I wish I had set up a pair of stands and a piece of plywood and used that as an assembly table. I figured that the “up and down” was not going to be too bad, but I was thinking in terms of putting screws into the wood, not having to walk back and forth getting the pieces of each door before positioning them.

Another thing I regretted was using 1″ screws with a torx drive. My cordless drill handles them great, but I don’t have one of those magnetic screw holders that has a torx – just a phillips. I suppose I could have rigged one up but I figured “why not?” and just positioned all the screws between my left thumb and forefinger, as one does. My thumb and finger were not shredded by this, but it feels like it. I had a lot of threads rubbing against the meat of my thumb and it’s got a small piece worn away. Yes, I am aware of “gloves” and even have them, but picking up screws is a pain with gloves. I should have wrapped the thumb and finger with gaffer tape but I didn’t want to get up and walk across the building to where there is gaffer tape.

Anyhow: it could have been worse. Although, schedule-wise it’s F-35ish. For any project that is not $200bn and 12 years over budget, I mean. Wow, think what kind of machine shop I could build with $200bn! “Is that a solid gold bridgeport mill?” Pshaw, hahahah, that’s my spare. I usually use the platinum one.

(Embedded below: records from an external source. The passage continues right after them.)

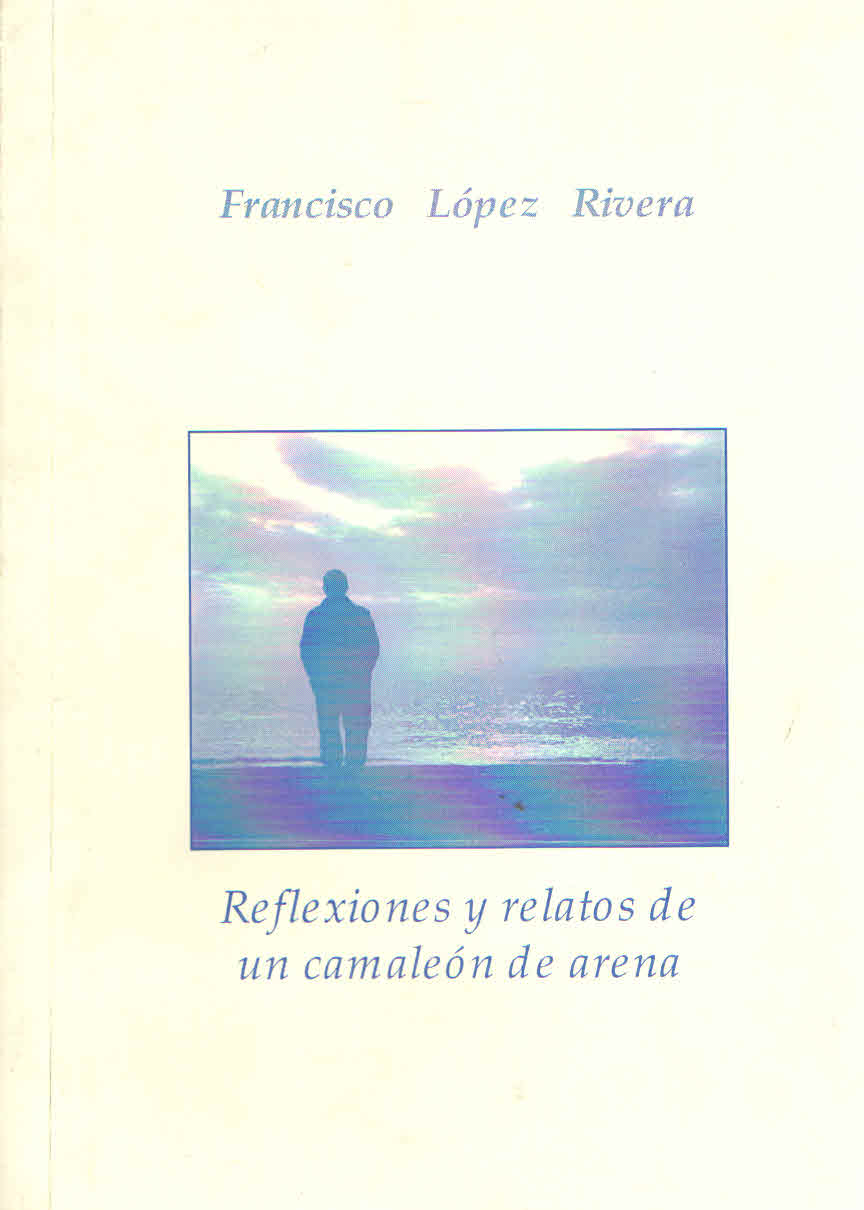 REFLEXIONES Y RELATOS DE UN CAMALEON DE ARENA. Francisco Lopez Rivera.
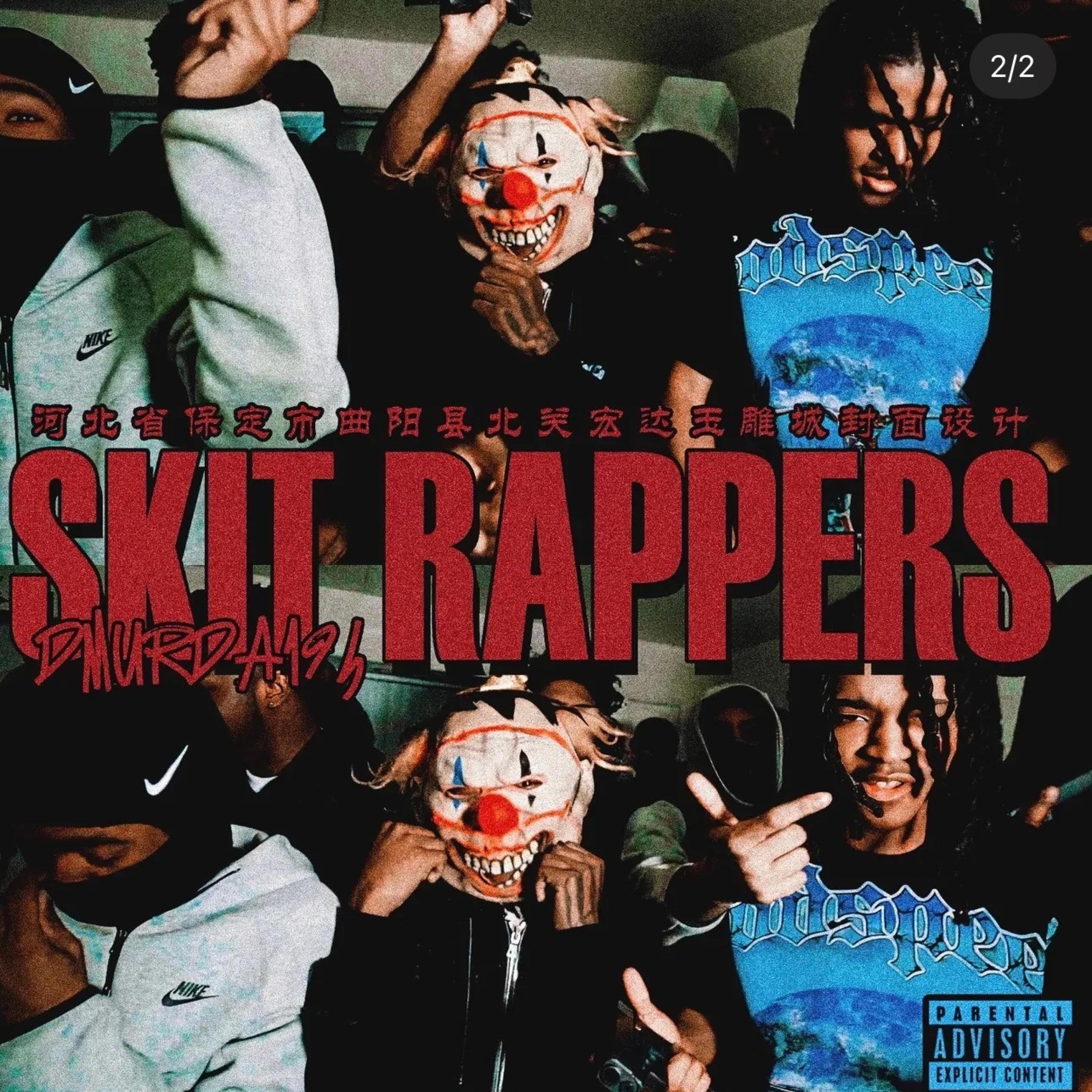 Dmurda194 Skit Rappers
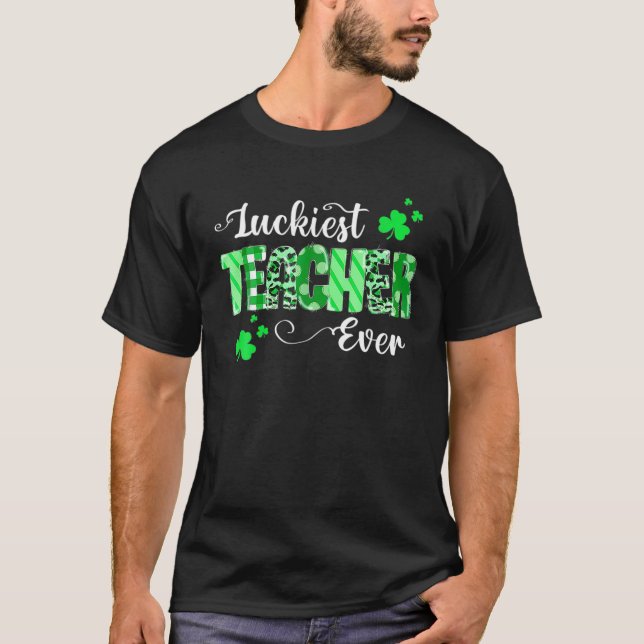 Luckiest Teacher nånsin Shamrock Teacher St Patric T Shirt (Framsida)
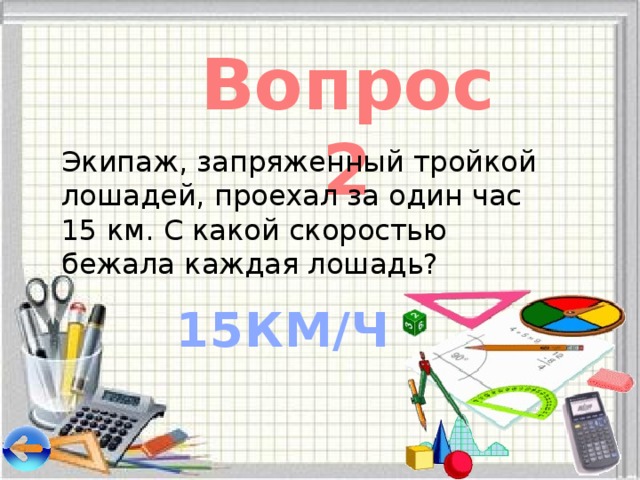 Вопрос 2 Экипаж, запряженный тройкой лошадей, проехал за один час 15 км. С какой скоростью бежала каждая лошадь? 15КМ/Ч 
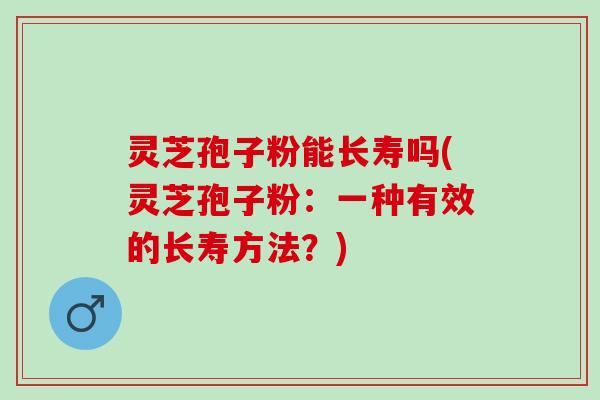 灵芝孢子粉能长寿吗(灵芝孢子粉：一种有效的长寿方法？)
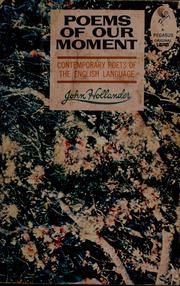 Cover of: Poems of our moment. by John Hollander, John Hollander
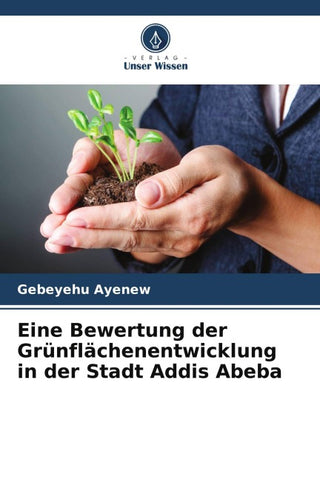 Eine Bewertung der Grünflächenentwicklung in der Stadt Addis Abeba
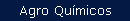 Agro Qu�micos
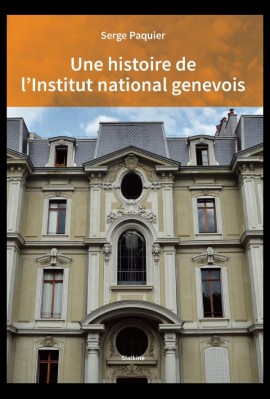 UNE HISTOIRE DE L'INSTITUT NATIONAL GENEVOIS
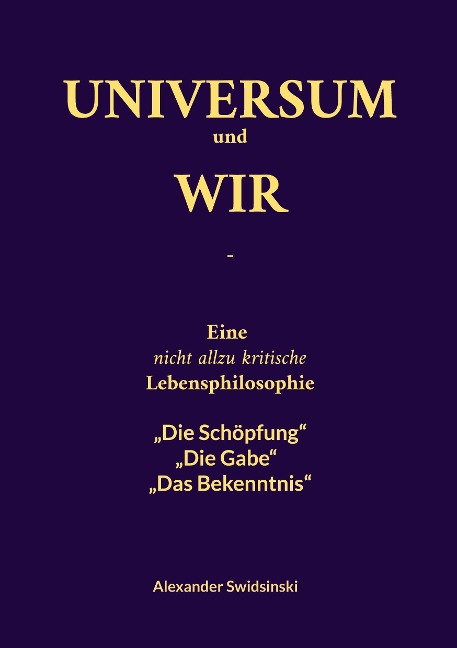 Universum und wir - Alexander Swidsinski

The icing on some kind of cake was that I realized that the width of the doors is smaller than the maximum capacity of my lovely table-saw mega-sled. So when all the glue is dry I’ll trim a bit off the tops and bottoms to make them perfectly flat and straight. I’m not so worried about the sides but I could probably feed them through the saw with the rip fence. May as well spend another 20 minutes making everything look like it was crafted with love.

------ divider ------

Don’t worry: when time comes to final assemble, I’ll have a magnetic drive guide so I won’t be shredding my poor old thumb.

Comments

  1. Reginald Selkirk says

    I think gold would make a poor choice for a milling machine, it’s too soft.

  2. cvoinescu says

    For the ways, sure. But for the body, if you use enough gold, it can be as solid as you need it to be.

  3. Owlmirror says

    Ruthenium is a platinum-group element found as a minor component of platinum ore. It seems to have a low of about US$8000/Kg, but is currently costing close to US$13,000/Kg. You could blow through $200bn easy making stuff out of it.

    I note that ruthenium has several stable isotopes, but one, ⁹⁸Ru, has an abundance of only 1.87%. I have no idea why you would decide to use that one, other than snobbishness (“Please, I don’t use common ruthenium”), but that’s always an option if you want to make things out of ruthenium that are even more expensive than a typical mixed isotope source of the metal.

  4. publicola says

    Trying to move a solid-gold machine is just begging for a hernia. Try Upsidaisium. I understand it’s there for the taking in Frostbite Falls, MN. Plus, it’s light as a feather–easy to move. Just make sure you bolt it down.